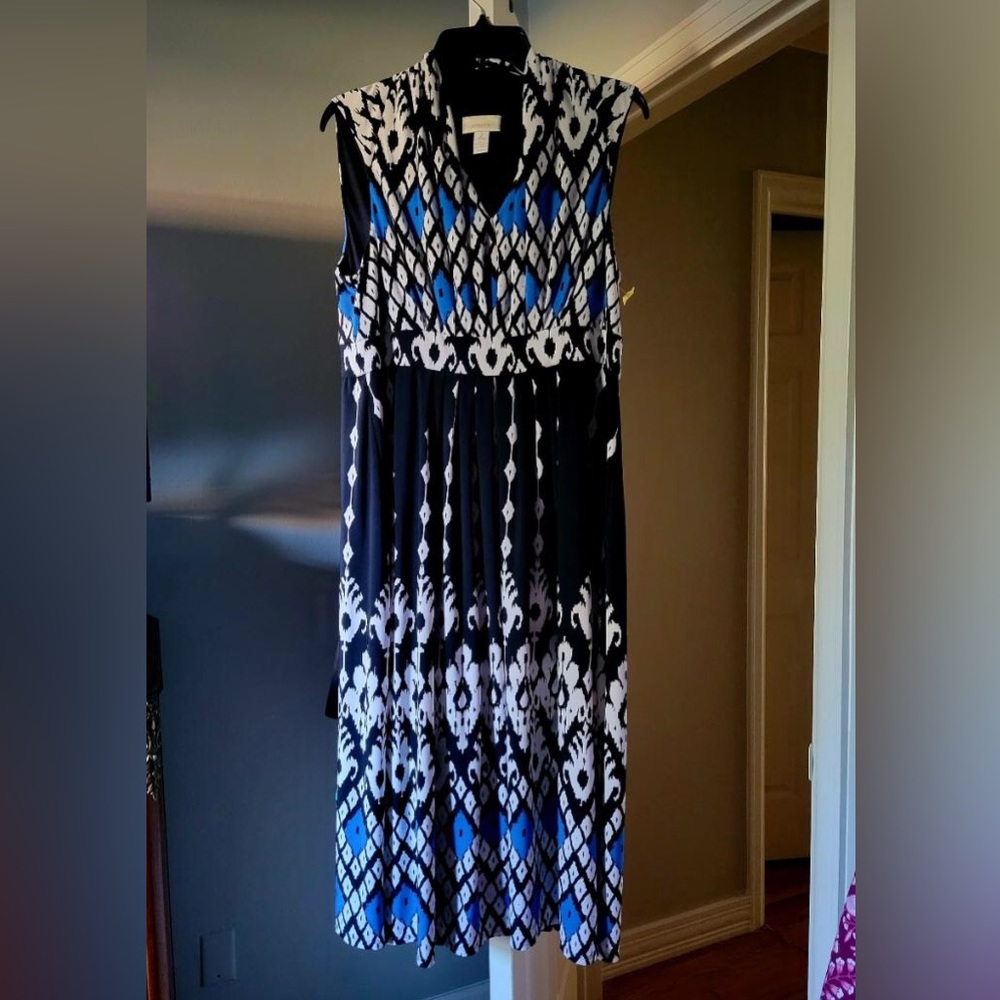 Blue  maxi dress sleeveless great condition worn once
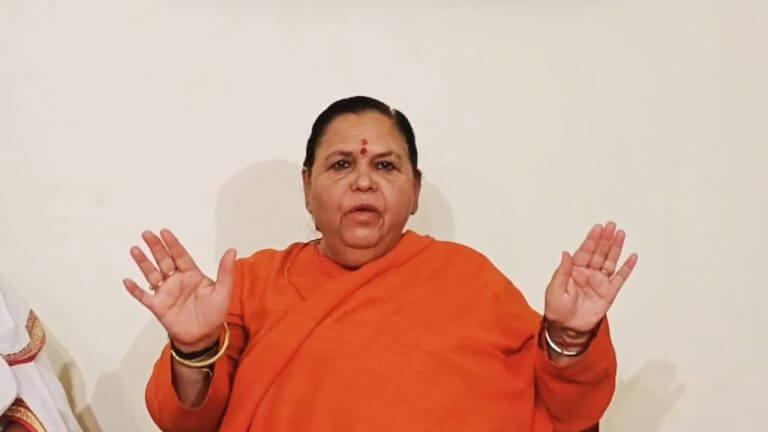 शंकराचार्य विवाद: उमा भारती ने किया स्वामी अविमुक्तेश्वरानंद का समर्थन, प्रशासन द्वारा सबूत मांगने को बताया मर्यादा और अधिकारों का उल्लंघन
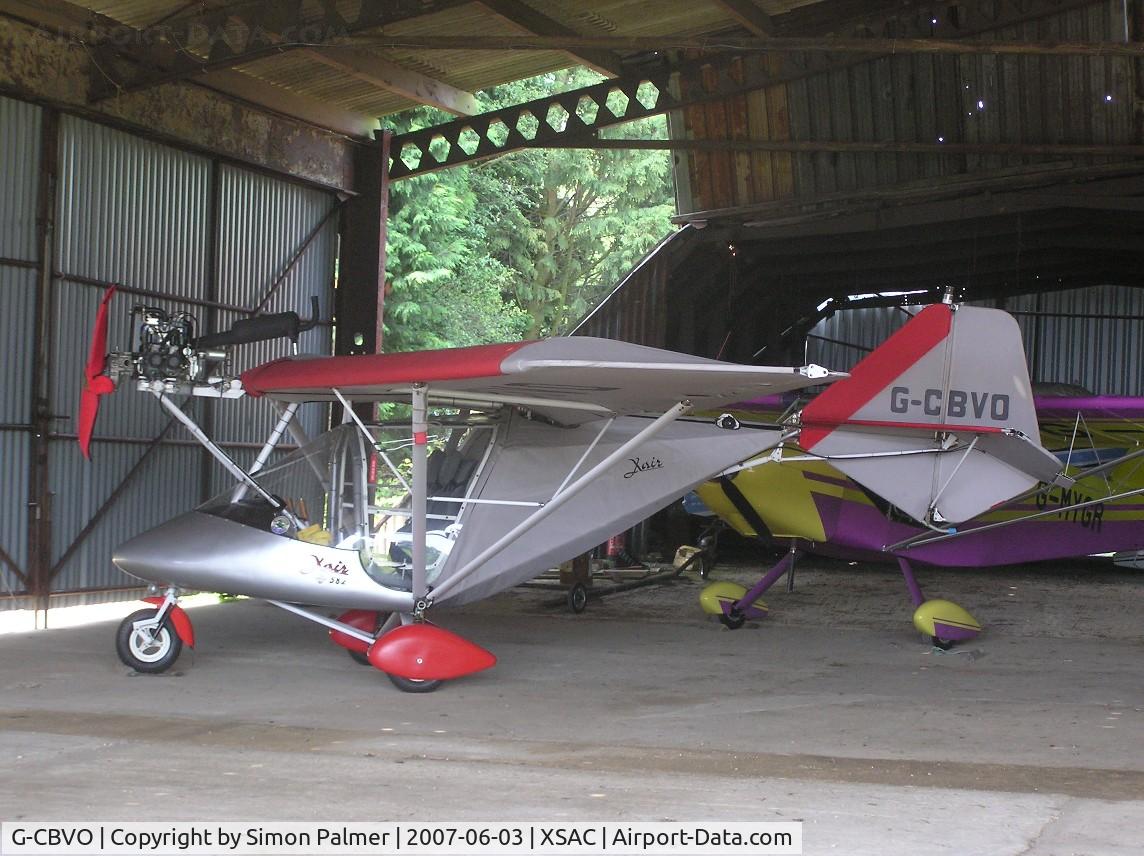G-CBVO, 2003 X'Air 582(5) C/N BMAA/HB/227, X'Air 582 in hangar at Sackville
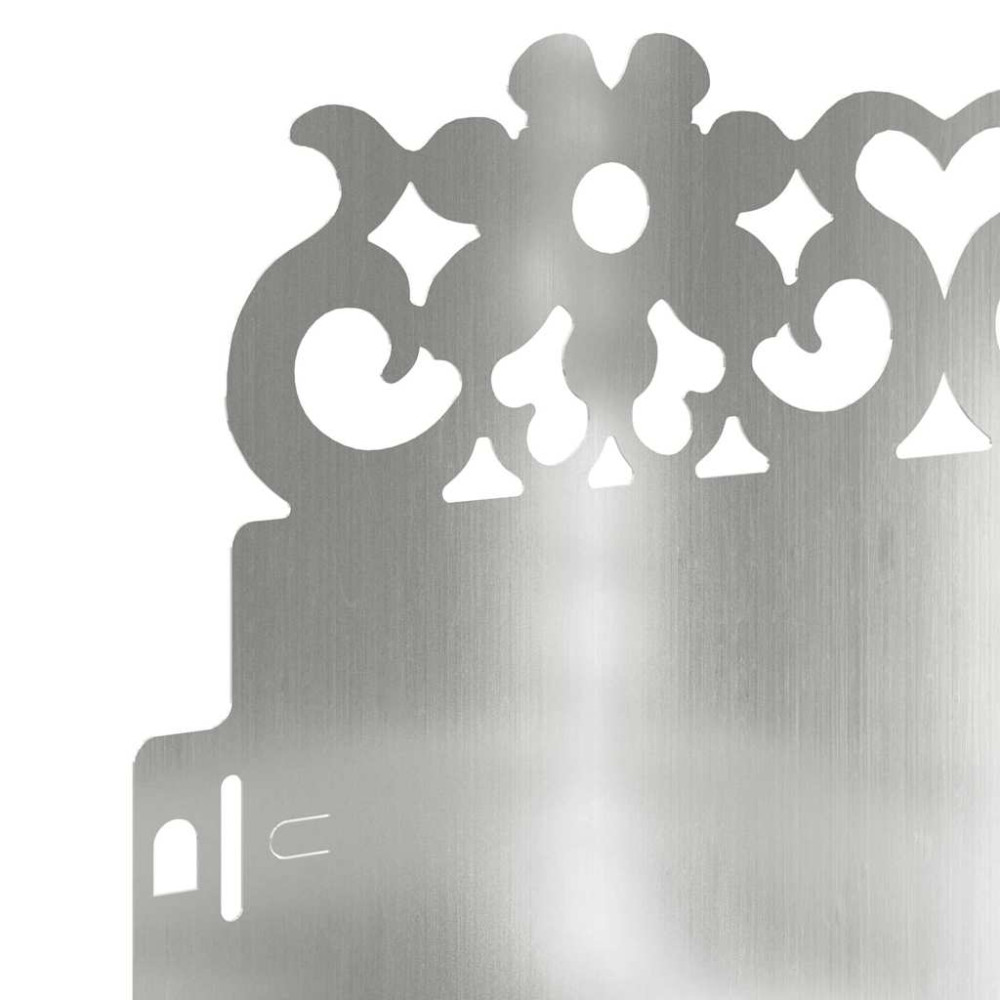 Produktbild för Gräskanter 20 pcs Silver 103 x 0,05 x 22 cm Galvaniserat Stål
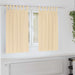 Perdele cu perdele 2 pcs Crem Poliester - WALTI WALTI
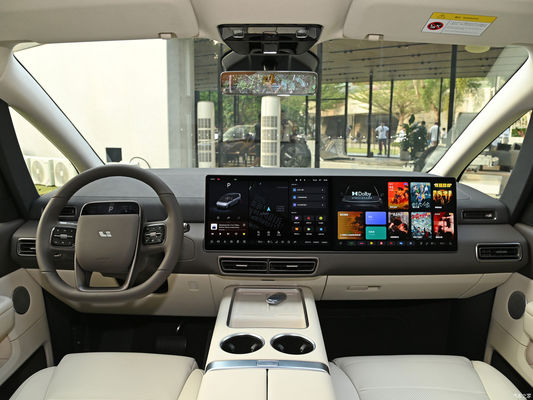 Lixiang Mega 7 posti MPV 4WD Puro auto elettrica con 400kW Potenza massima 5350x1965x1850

++++++++

- [WHAT THE TASK REQUIRES]: Please write out exactly the lines from the one holding "Produktbild för Gräskanter" through the last line of the material above, both included, as a copy without pictures.

- [TASK ANSWER]:
 Produktbild för Gräskanter 20 pcs Silver 103 x 0,05 x 22 cm Galvaniserat Stål
 Perdele cu perdele 2 pcs Crem Poliester - WALTI WALTI
 Lixiang Mega 7 posti MPV 4WD Puro auto elettrica con 400kW Potenza massima 5350x1965x1850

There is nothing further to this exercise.